Flashback Friday! (My Bully Still Hates Me)
Most Fridays, I post an oldie but a goodie blog for your enjoyment. To those of you who just started reading The Grownup Girl recently, enjoy the “new” blog! To those of you who have been with me from the start, but have memories like mine, enjoy the “new” blog!
And to those who were with me from the start and who already read this blog and burned it into your memory, word for word, photogenically, I say:
What are you doing wasting your time dilly-dallying on my website? Get out there and find me a book deal!
This Blog was written in response to an “Open Call” on opensalon.com which called for writers to contact their old bullies, you know, through Facebook or Twitter or Ye Olde Bully Hotlyne, and interview them.
This was my entry:
I reached out to Mary over Facebook recently. I messaged her in a charming, “I’m over it, let’s move on,” kind of a way.
Of course she accepted my friend request, because she’s a professional singer and she needs the fans. But did she deign to respond to my message? Did she apologize for the years she tortured me in elementary school? Did she even acknowledge the anguish she and her goons caused me, so many moons ago?
No. She did not.
It is possible I am still holding a grudge.
Can you blame me? Mary is the primary reason why I got the hell out of Lafayette Elementary School the first chance I got. Oh, there were other reasons too, like the constant head lice, the sub-standard education (my fourth grade teacher once spelled ‘house’ “howse” on our blackboard), the large classes, and – oh yeah, the anti-Semitism…
(My mother insists that my 4th grade crush, Chris Q, once called me a “Kike,” but I’ll never believe her. How could he have done so?? He was so tall and cute, and his eyes were so blue!!)
But I was smart, and I would have been able to thrive with head lice in a large class taught by a stupid teacher while nursing a Hitler Youth crush.
But the bullying – that got to me.
Mary was the worst. Mary was in 6th grade when I was in 4th. She had the best (and loudest) singing voice in the school, and would always get cast as the lead in every musical. She was popular, pretty, and for some reason, she didn’t like me. She used to run after me with her girlfriends in close second position.
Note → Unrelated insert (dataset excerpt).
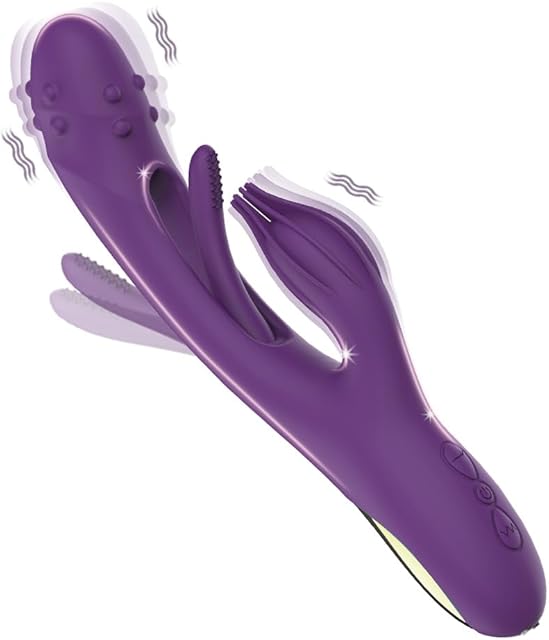 3 in 1 Dildo Rabbit Vibrator for Women - Multi-Function with Built-in Beater for G-Spot and Clitoris Tapping - Rechargeable & Very Quiet - Great for Solo and Couples Play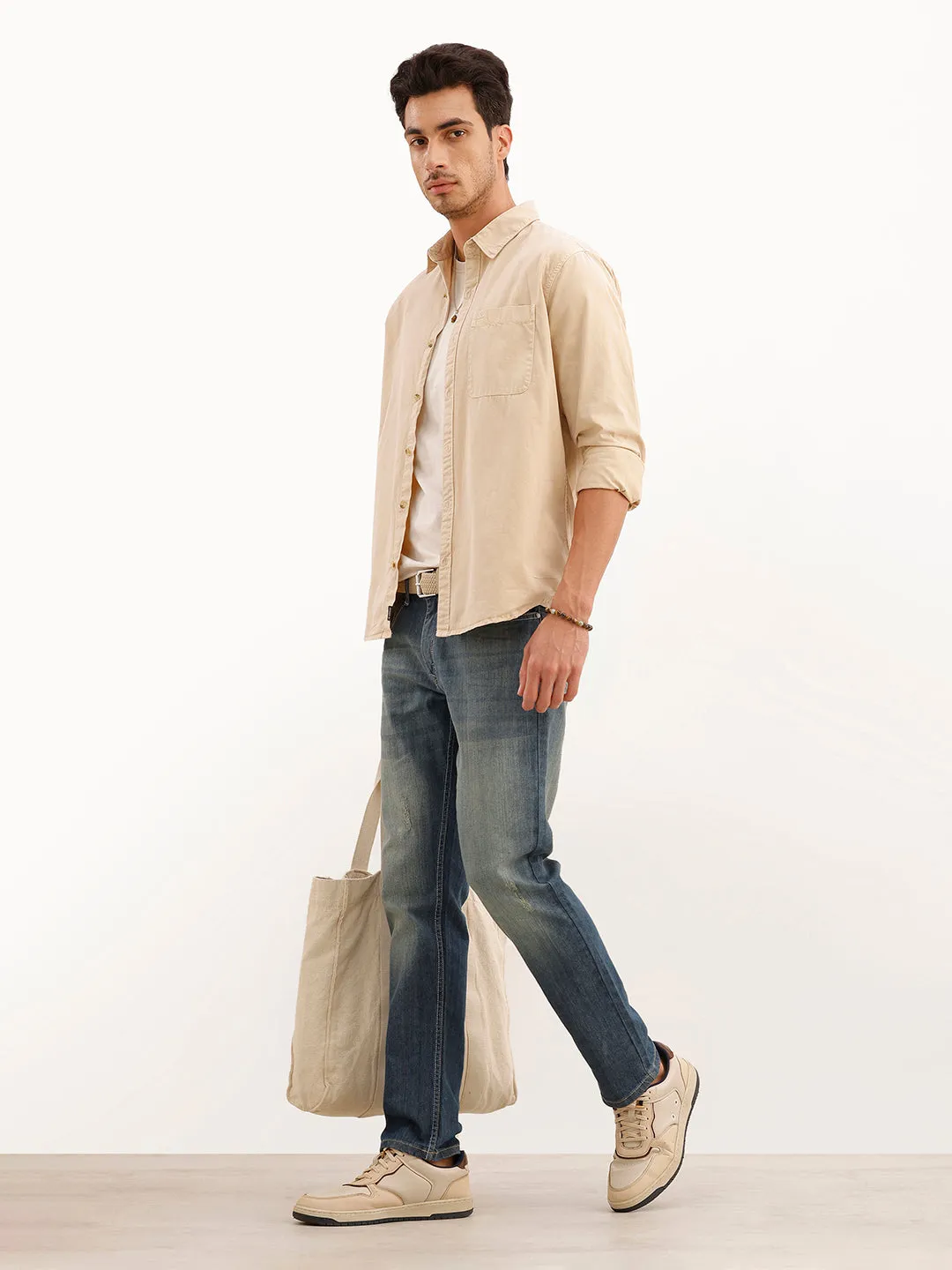 Solid Regular Fit Full Sleeve Overdyed Shirt | Beige sold by Wrogn product image thumbnail 2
When they caught me, they’d call me names, tease me, and pull up my skirt or down, depending on the waistline (elastic or buttoned/zipped – you other bullied kids know what I’m talking about). I think she used to slap me and give me wedgies too, but lucky for me, my memory is awesome at erasing experiences with extreme pain and suffering, so who really knows.
Mary teased me because I was too tall, too skinny, too geeky, or maybe just because I cared too much about being liked. When I would cry to the guidance counselor, Mary would rush over and interrupt us, then proceed to argue very convincingly that I had instigated the whole thing, that I had been teasing and taunting them, that I was to blame.
Ugh. It’s not just in the movies where the teachers so dumb they don’t know which kid to believe.
Lucky for my self-esteem, my parents decided (and were financially able) to take me out of the DC public school system forever (which at the time was lorded over by our crack-smoking mayor Marion Barry, who did little between his hooker visits in lockup to avert the several drive-by shootings on and around our campus), and bring me to a private school where I could start over and reinvent myself.
Lucky for Mary, she grew up to be a semi-famous singer who wrote an off-Broadway play about head lice, starring an Academy Award winning actor.
Head lice. Some people are SO stuck in the past.